_WORK TASK_
Whenever a picture appears in the data, skip it and write out all other material exactly.

SUPPLIED DATA Start Marker

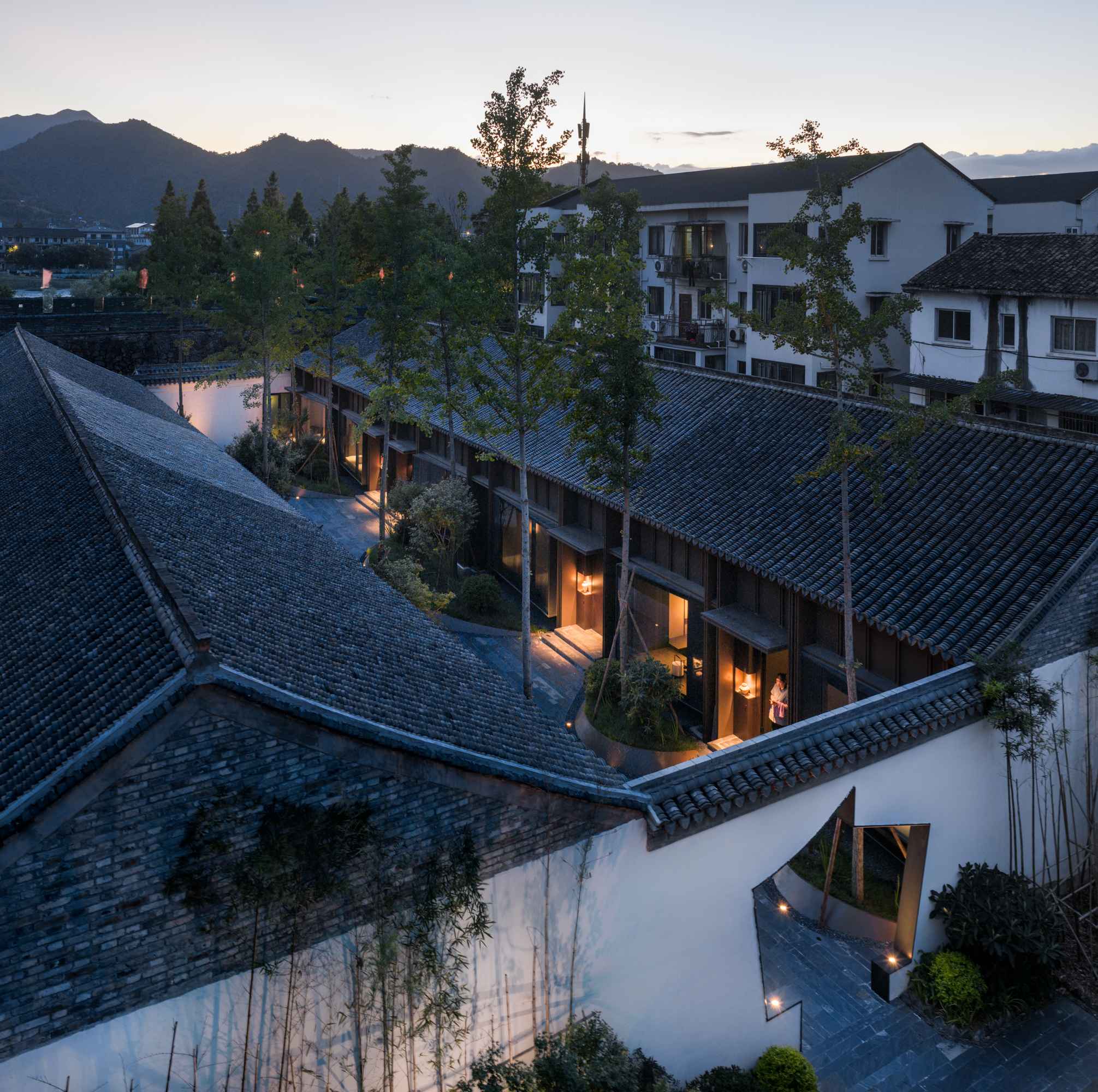24_ 古城墻下的內(nèi)庭院 Inner Courtyard beneath the Ancient City Wall ?山間影像 Shan-Jian images_2.jpg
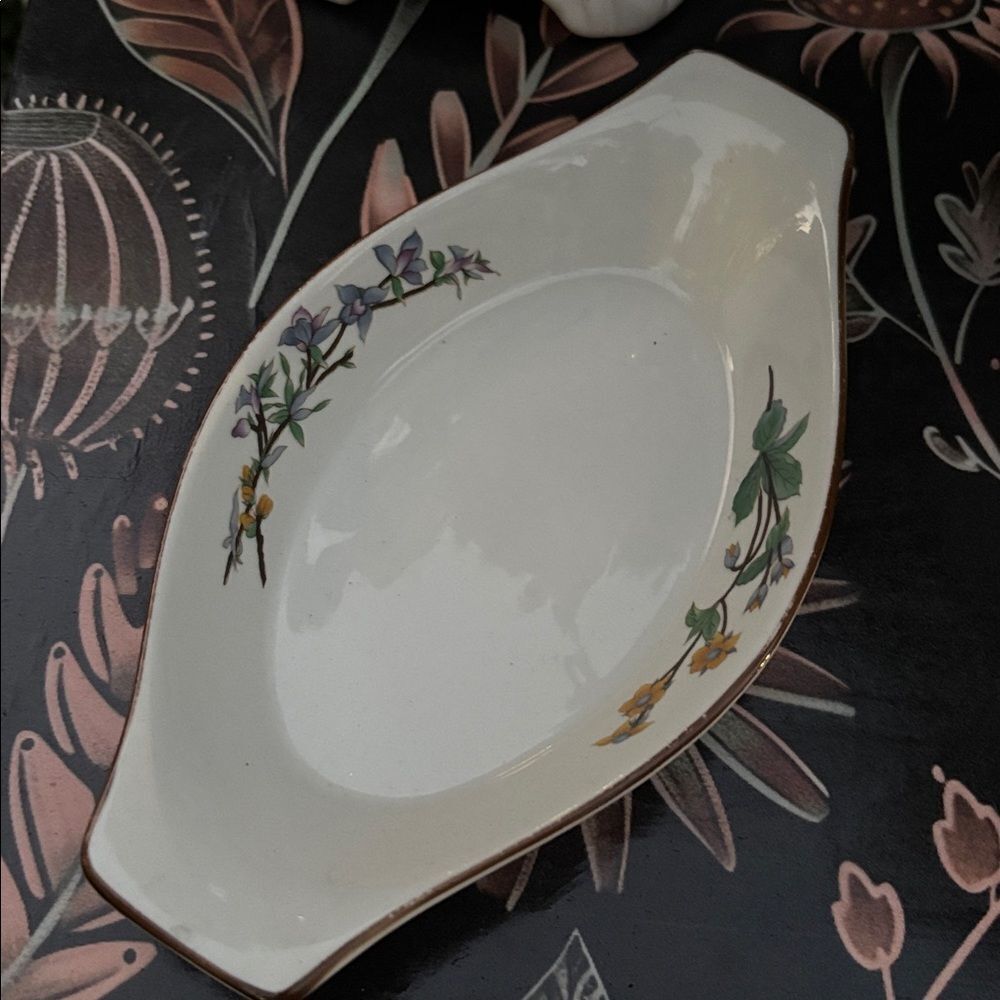 🎀 VINTAGE 🎀 Floral Oval Ceramic Trinket Dish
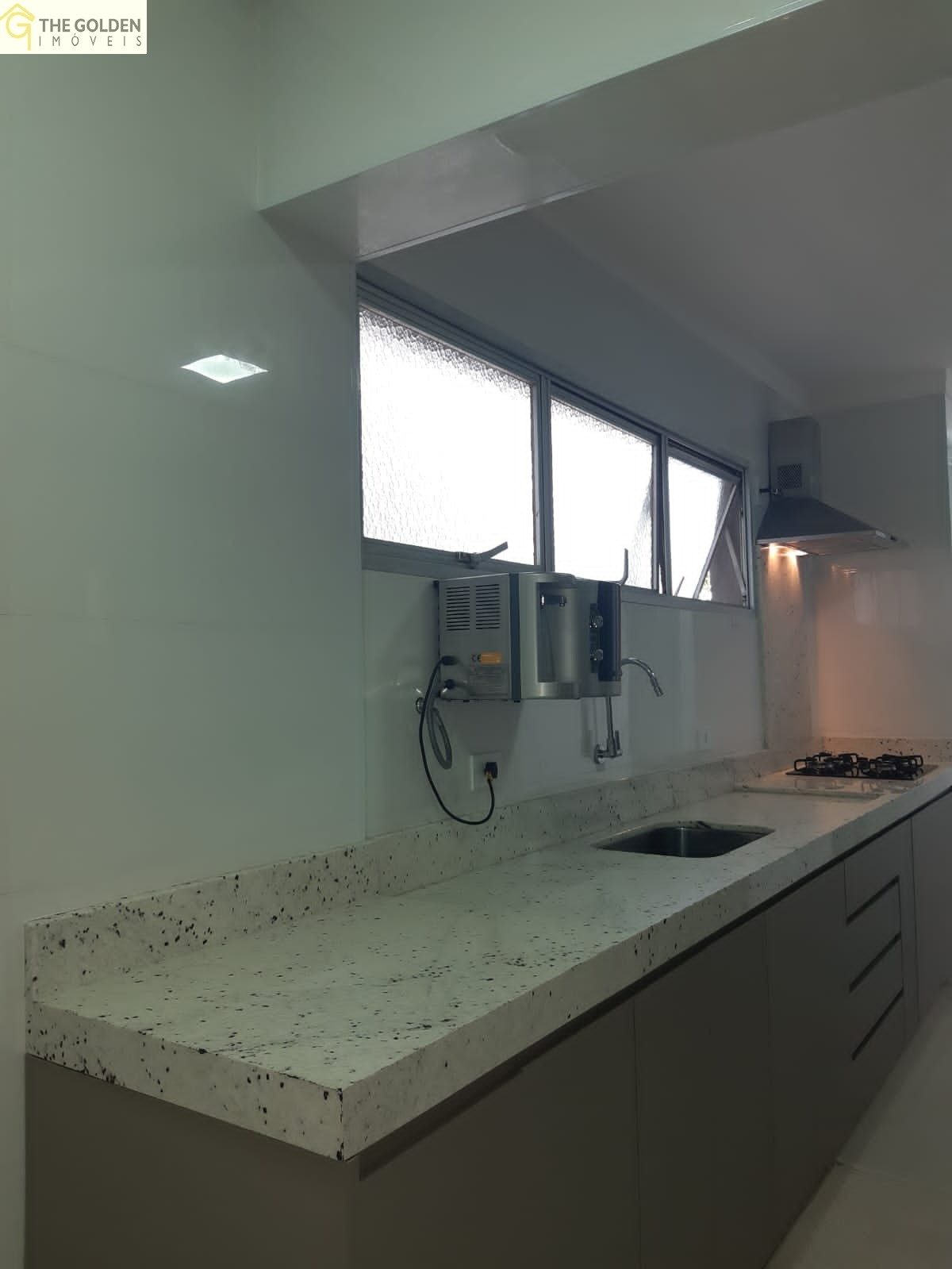 Apartamento à venda com 3 quartos, 98m² - Foto 7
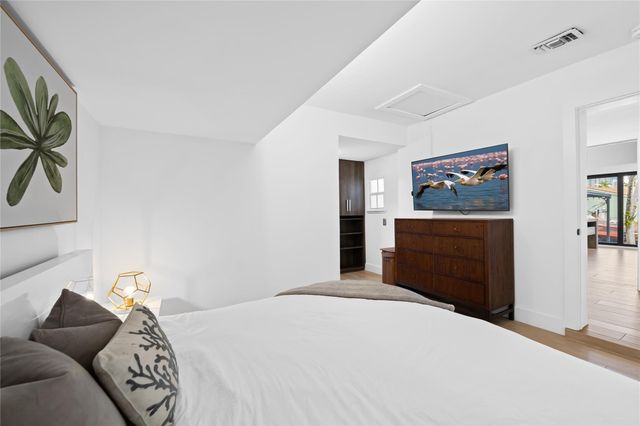 530 SW 11th Avenue, Fort Lauderdale, FL 33312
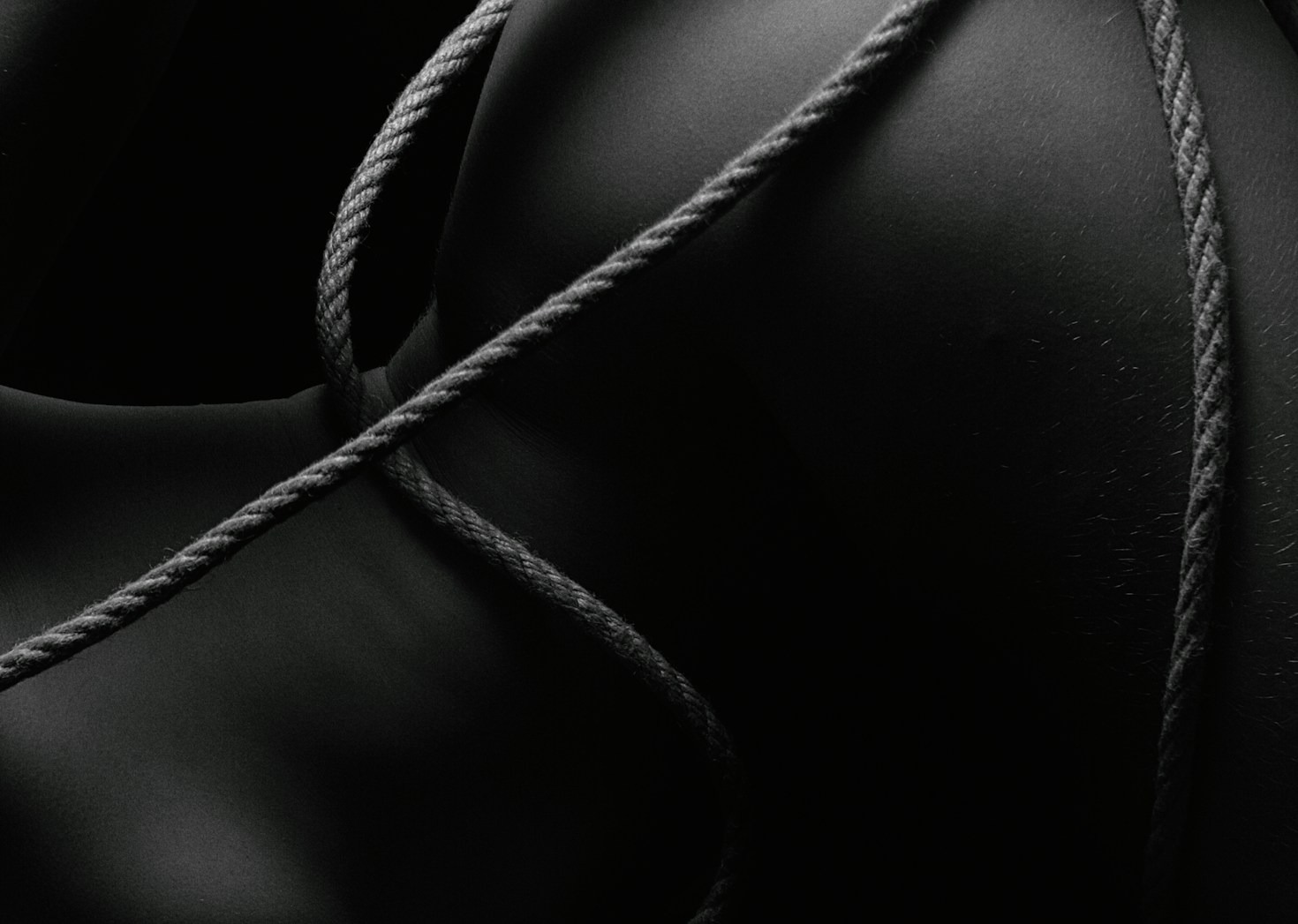 Exploring the Dark Aesthetic in BDSM Spaces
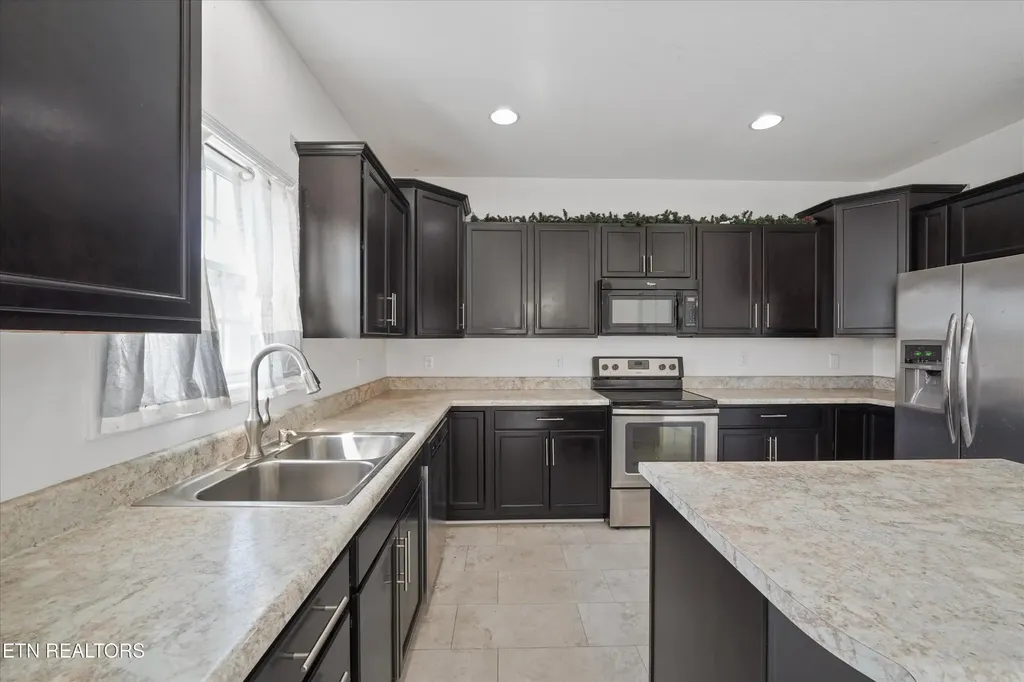 317 Caboose Lane Maryville TN 37804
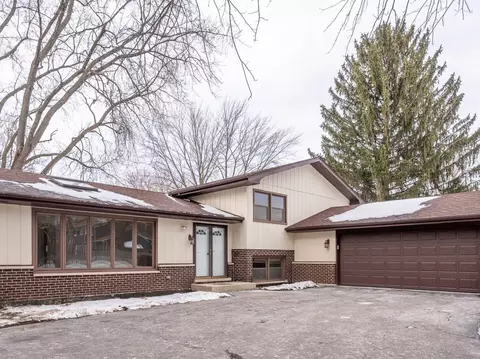 10 S258 Alma Ln, Naperville, IL 60564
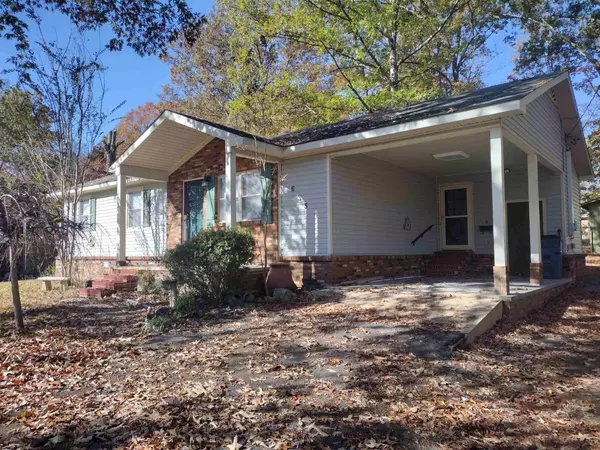 635 EAST END DR,  Savannah,  TN 38372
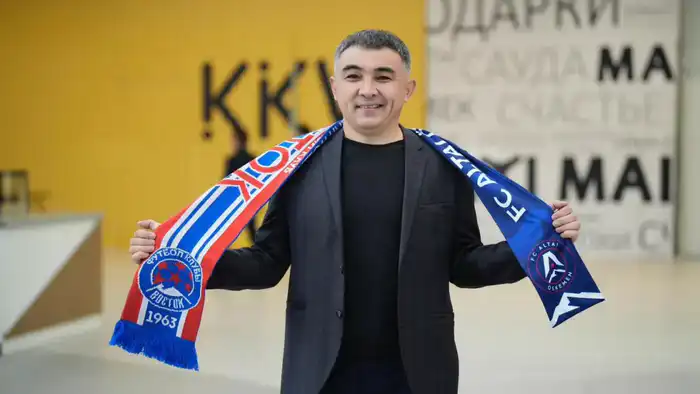 Аким области поздравил футболистов клуба «Алтай» с выходом в Премьер-лигу (5)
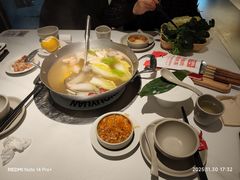 -左庭右院鲜牛肉火锅(金山万达店)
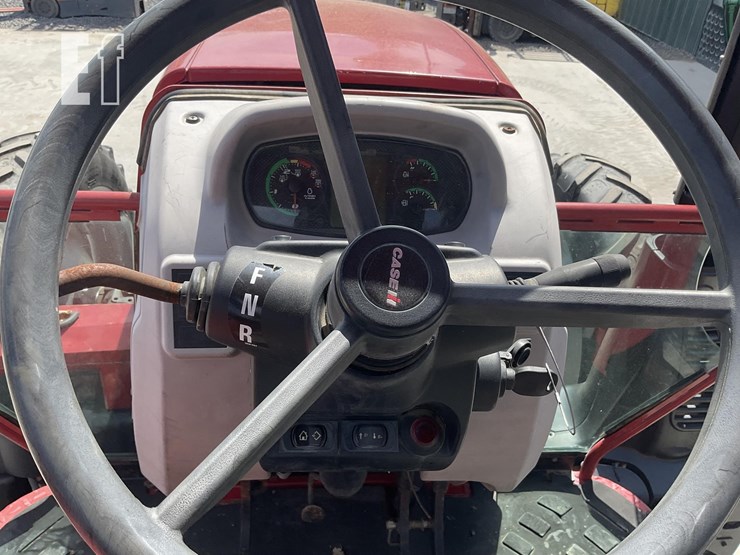 2017-case-ih-farmall-140a-image-13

SUPPLIED DATA End Marker

_WRITTEN SOLUTION_
24_ 古城墻下的內(nèi)庭院 Inner Courtyard beneath the Ancient City Wall ?山間影像 Shan-Jian images_2.jpg
 🎀 VINTAGE 🎀 Floral Oval Ceramic Trinket Dish
 Apartamento à venda com 3 quartos, 98m² - Foto 7
 530 SW 11th Avenue, Fort Lauderdale, FL 33312
 Exploring the Dark Aesthetic in BDSM Spaces
 317 Caboose Lane Maryville TN 37804
 10 S258 Alma Ln, Naperville, IL 60564
 635 EAST END DR,  Savannah,  TN 38372
 Аким области поздравил футболистов клуба «Алтай» с выходом в Премьер-лигу (5)
 -左庭右院鲜牛肉火锅(金山万达店)
 2017-case-ih-farmall-140a-image-13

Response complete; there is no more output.